Work instruction
Reproduce the data that follows character for character, but omit its pictures.

Data entries
= = = = =

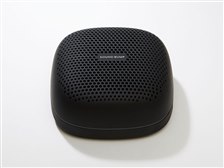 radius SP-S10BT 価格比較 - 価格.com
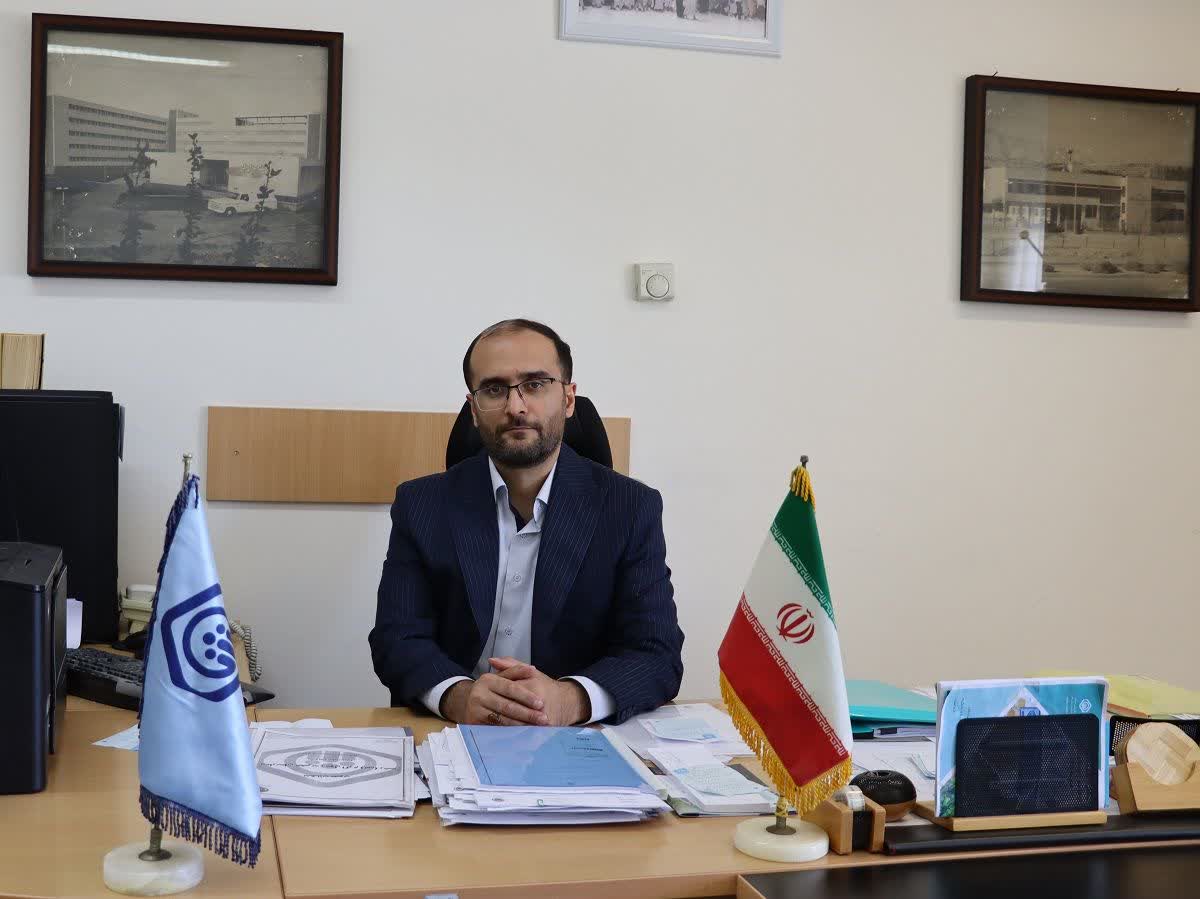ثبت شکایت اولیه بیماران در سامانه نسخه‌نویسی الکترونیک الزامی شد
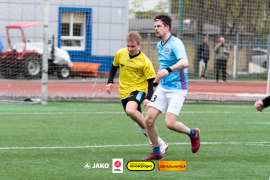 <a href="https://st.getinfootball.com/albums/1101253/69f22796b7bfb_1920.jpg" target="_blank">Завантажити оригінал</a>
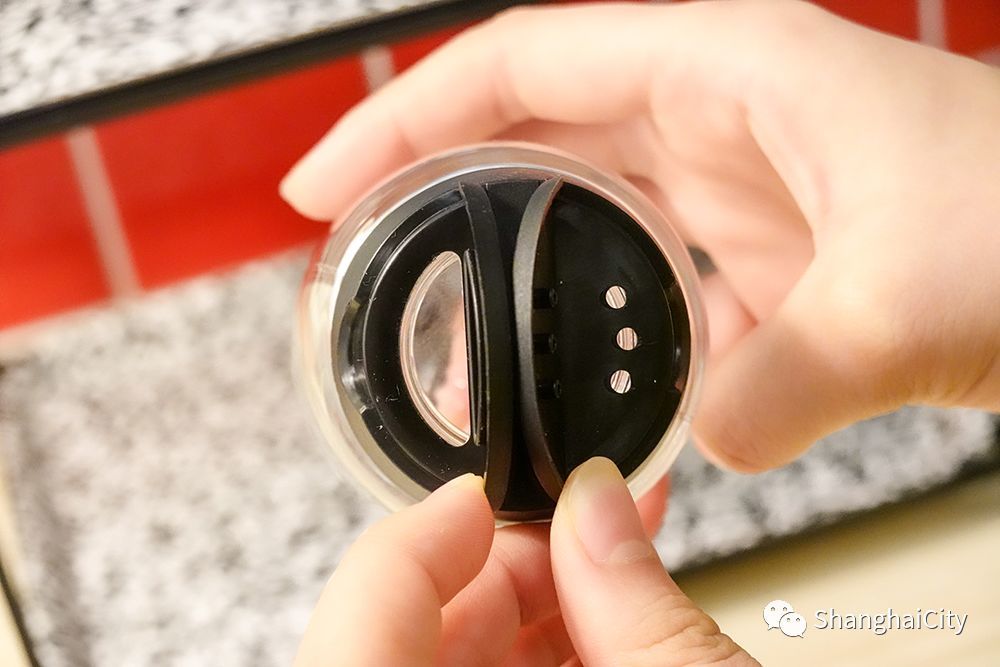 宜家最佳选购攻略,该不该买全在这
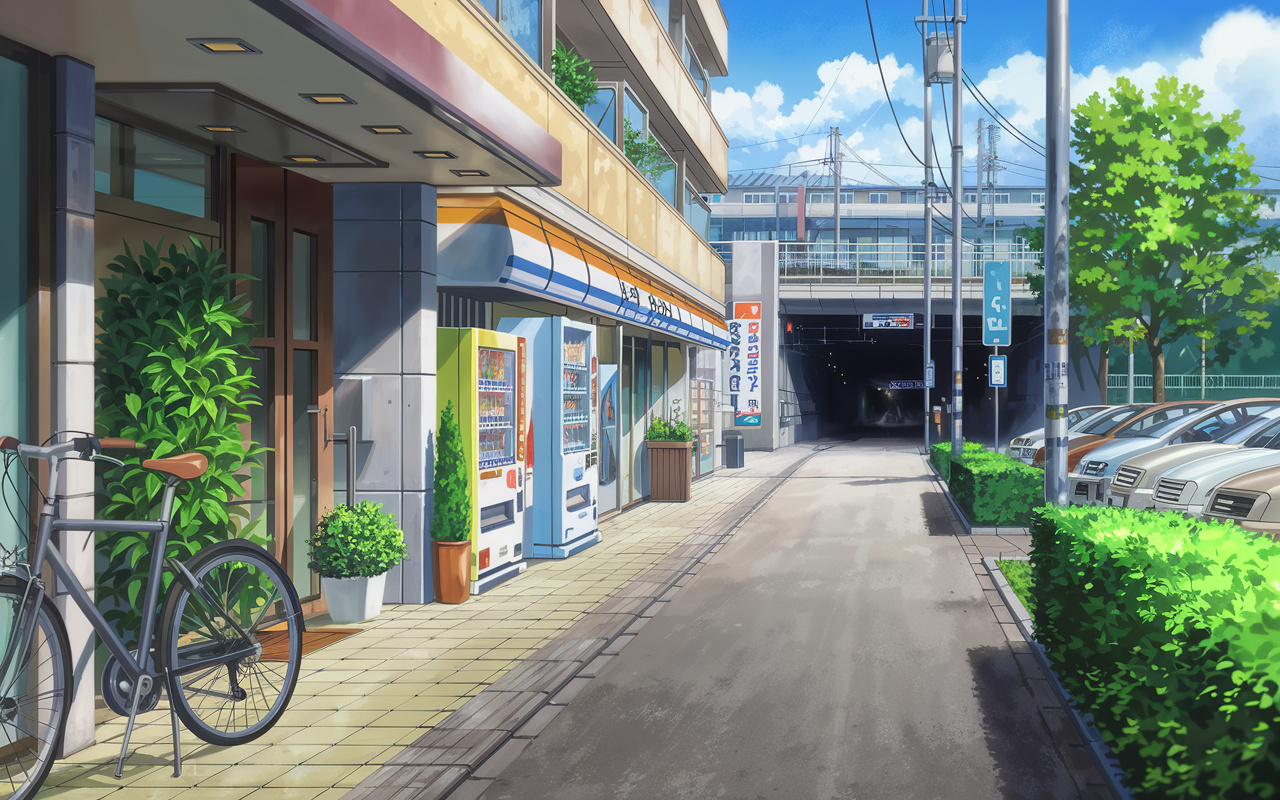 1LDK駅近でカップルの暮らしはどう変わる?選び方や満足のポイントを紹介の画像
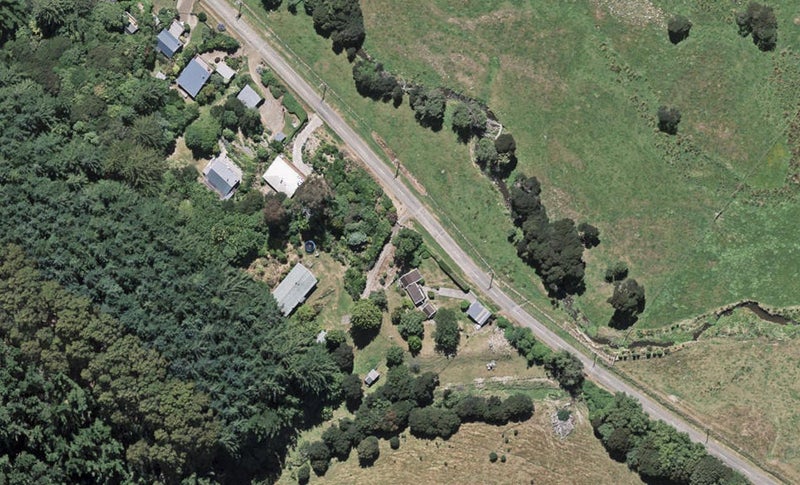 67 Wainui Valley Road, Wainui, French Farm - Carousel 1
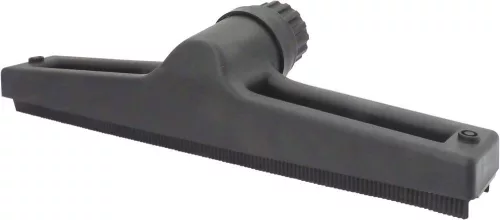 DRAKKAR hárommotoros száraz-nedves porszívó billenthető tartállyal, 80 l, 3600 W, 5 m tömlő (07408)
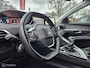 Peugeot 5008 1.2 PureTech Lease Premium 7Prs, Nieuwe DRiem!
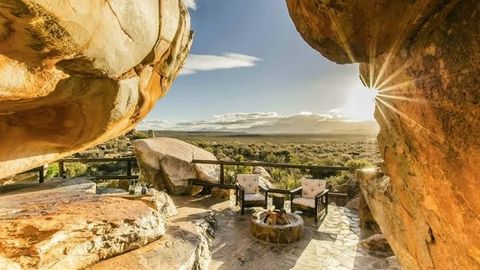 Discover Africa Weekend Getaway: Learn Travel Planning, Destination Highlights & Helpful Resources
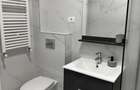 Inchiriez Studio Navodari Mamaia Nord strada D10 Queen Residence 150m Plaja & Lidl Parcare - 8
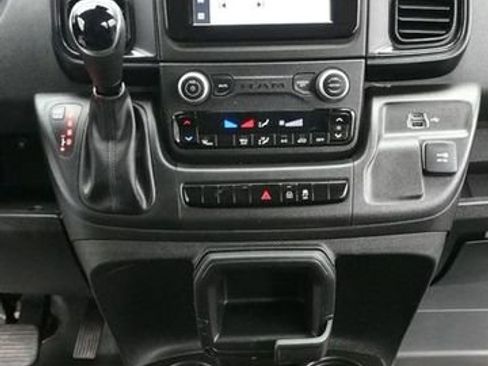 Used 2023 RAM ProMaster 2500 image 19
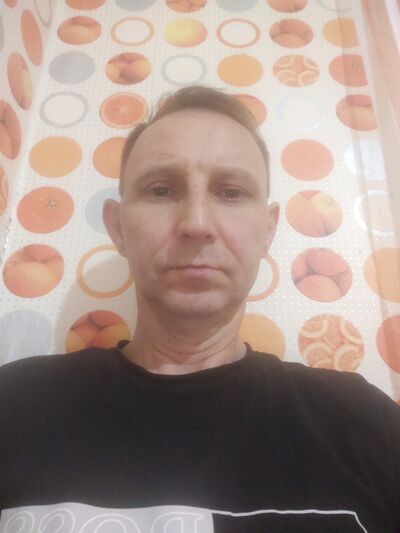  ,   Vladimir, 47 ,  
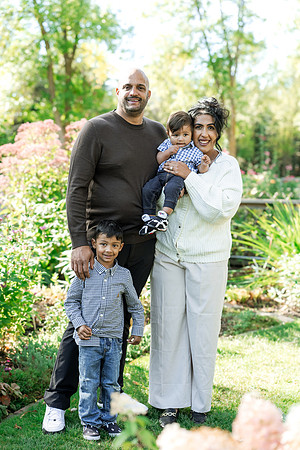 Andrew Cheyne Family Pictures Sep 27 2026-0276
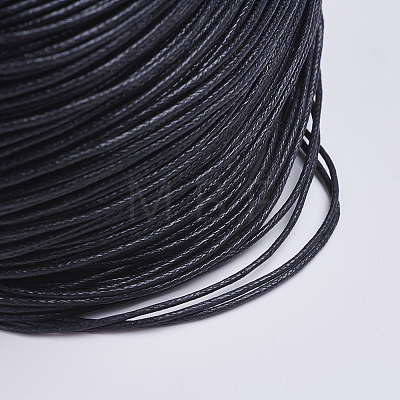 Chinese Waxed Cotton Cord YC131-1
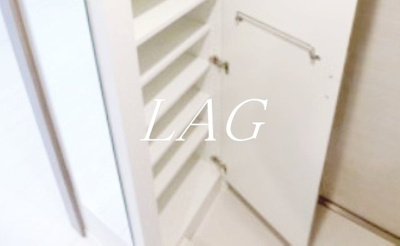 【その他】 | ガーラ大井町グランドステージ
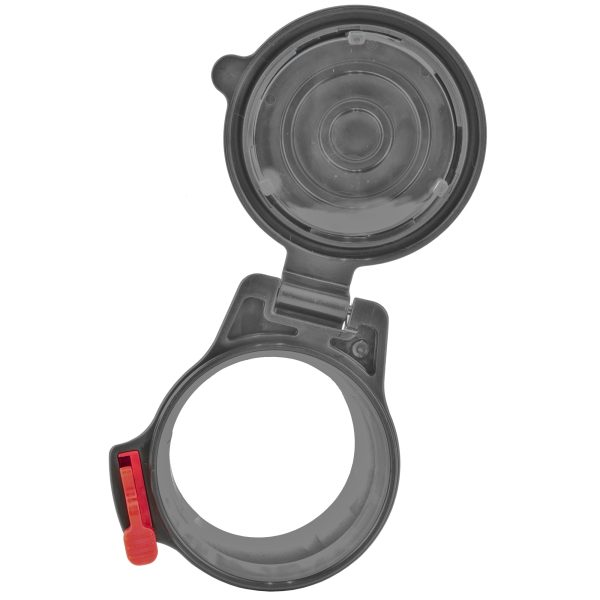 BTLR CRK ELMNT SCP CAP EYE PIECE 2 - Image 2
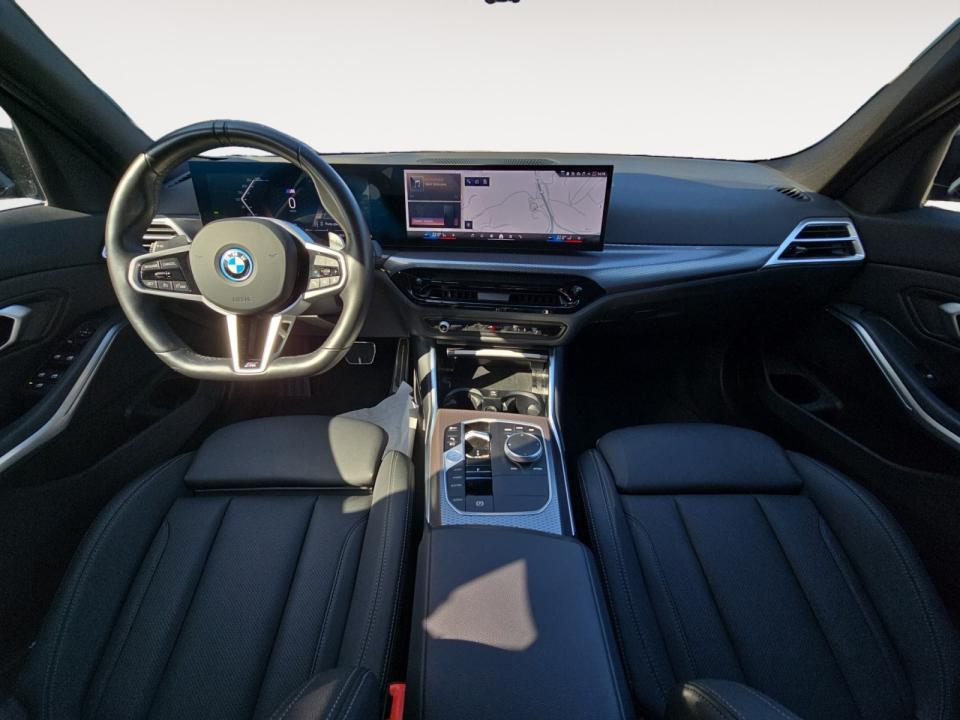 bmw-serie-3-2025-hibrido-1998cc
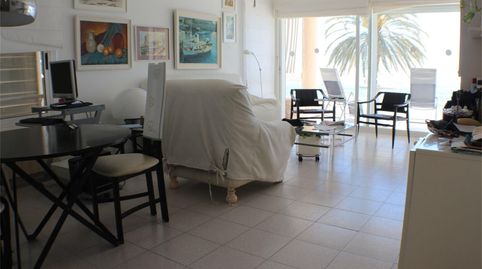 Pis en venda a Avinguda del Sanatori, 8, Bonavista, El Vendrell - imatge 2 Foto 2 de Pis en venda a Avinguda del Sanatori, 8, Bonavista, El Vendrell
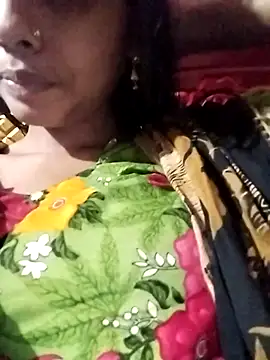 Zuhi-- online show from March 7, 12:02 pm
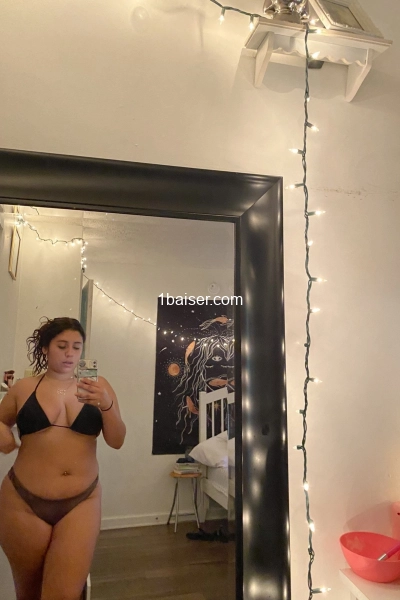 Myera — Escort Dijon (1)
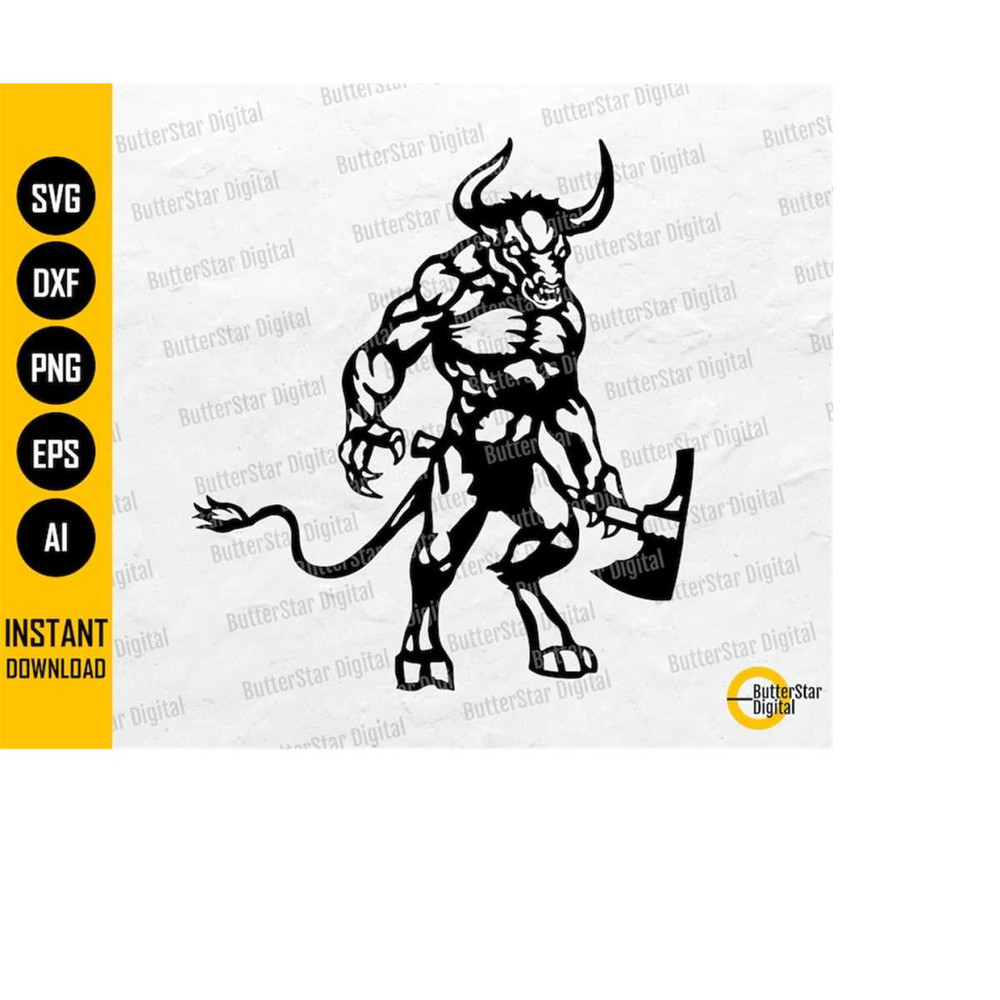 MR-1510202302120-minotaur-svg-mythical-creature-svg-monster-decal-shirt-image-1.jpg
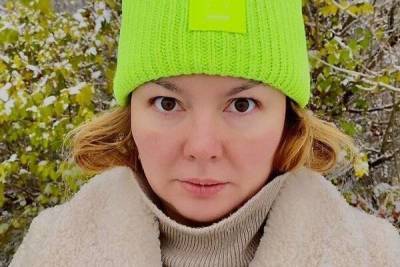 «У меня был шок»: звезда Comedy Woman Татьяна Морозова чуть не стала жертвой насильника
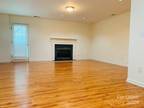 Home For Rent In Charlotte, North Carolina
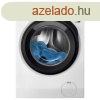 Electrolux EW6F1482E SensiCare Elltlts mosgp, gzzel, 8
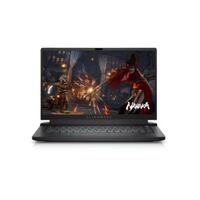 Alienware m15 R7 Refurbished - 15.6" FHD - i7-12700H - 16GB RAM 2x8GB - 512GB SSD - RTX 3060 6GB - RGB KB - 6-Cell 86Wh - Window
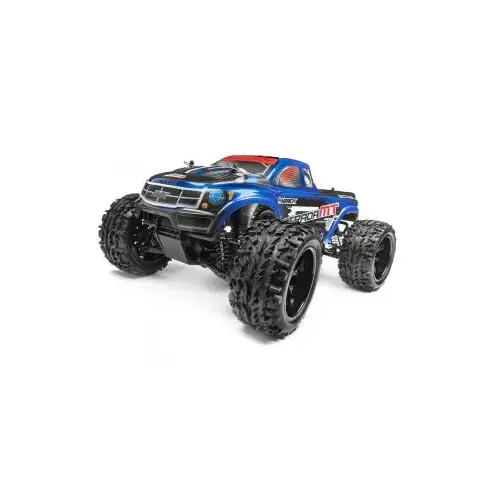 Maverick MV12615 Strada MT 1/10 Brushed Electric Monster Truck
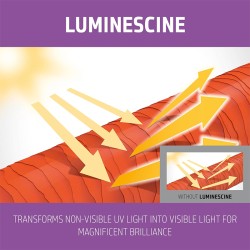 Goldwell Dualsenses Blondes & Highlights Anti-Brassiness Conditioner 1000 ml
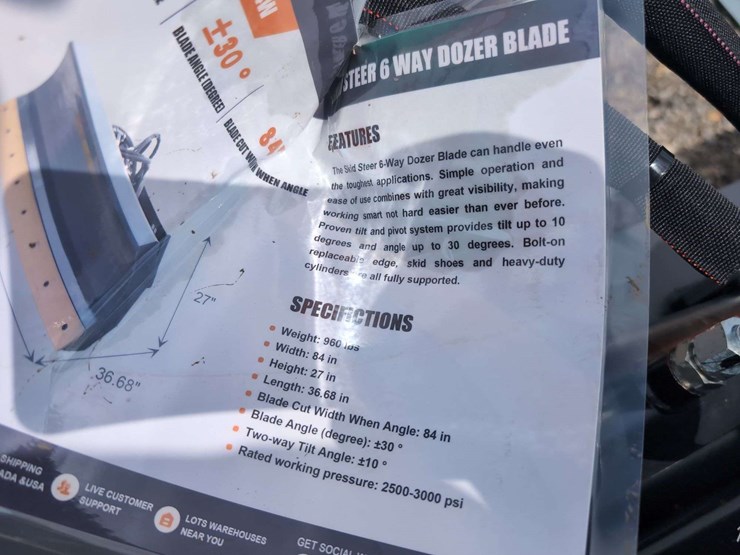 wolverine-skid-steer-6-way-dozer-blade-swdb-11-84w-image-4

= = = = =

Answer to the exercise
 radius SP-S10BT 価格比較 - 価格.com
ثبت شکایت اولیه بیماران در سامانه نسخه‌نویسی الکترونیک الزامی شد
 <a href="https://st.getinfootball.com/albums/1101253/69f22796b7bfb_1920.jpg" target="_blank">Завантажити оригінал</a>
 宜家最佳选购攻略,该不该买全在这
 1LDK駅近でカップルの暮らしはどう変わる?選び方や満足のポイントを紹介の画像
 67 Wainui Valley Road, Wainui, French Farm - Carousel 1
 DRAKKAR hárommotoros száraz-nedves porszívó billenthető tartállyal, 80 l, 3600 W, 5 m tömlő (07408)
 Peugeot 5008 1.2 PureTech Lease Premium 7Prs, Nieuwe DRiem!
 Discover Africa Weekend Getaway: Learn Travel Planning, Destination Highlights & Helpful Resources
 Inchiriez Studio Navodari Mamaia Nord strada D10 Queen Residence 150m Plaja & Lidl Parcare - 8
 Used 2023 RAM ProMaster 2500 image 19
  ,   Vladimir, 47 ,  
 Andrew Cheyne Family Pictures Sep 27 2026-0276
 Chinese Waxed Cotton Cord YC131-1
 【その他】 | ガーラ大井町グランドステージ
 BTLR CRK ELMNT SCP CAP EYE PIECE 2 - Image 2
 bmw-serie-3-2025-hibrido-1998cc
 Pis en venda a Avinguda del Sanatori, 8, Bonavista, El Vendrell - imatge 2 Foto 2 de Pis en venda a Avinguda del Sanatori, 8, Bonavista, El Vendrell
 Zuhi-- online show from March 7, 12:02 pm
 Myera — Escort Dijon (1)
 MR-1510202302120-minotaur-svg-mythical-creature-svg-monster-decal-shirt-image-1.jpg
 «У меня был шок»: звезда Comedy Woman Татьяна Морозова чуть не стала жертвой насильника
 Home For Rent In Charlotte, North Carolina
 Electrolux EW6F1482E SensiCare Elltlts mosgp, gzzel, 8
 Alienware m15 R7 Refurbished - 15.6" FHD - i7-12700H - 16GB RAM 2x8GB - 512GB SSD - RTX 3060 6GB - RGB KB - 6-Cell 86Wh - Window
 Maverick MV12615 Strada MT 1/10 Brushed Electric Monster Truck
 Goldwell Dualsenses Blondes & Highlights Anti-Brassiness Conditioner 1000 ml
 wolverine-skid-steer-6-way-dozer-blade-swdb-11-84w-image-4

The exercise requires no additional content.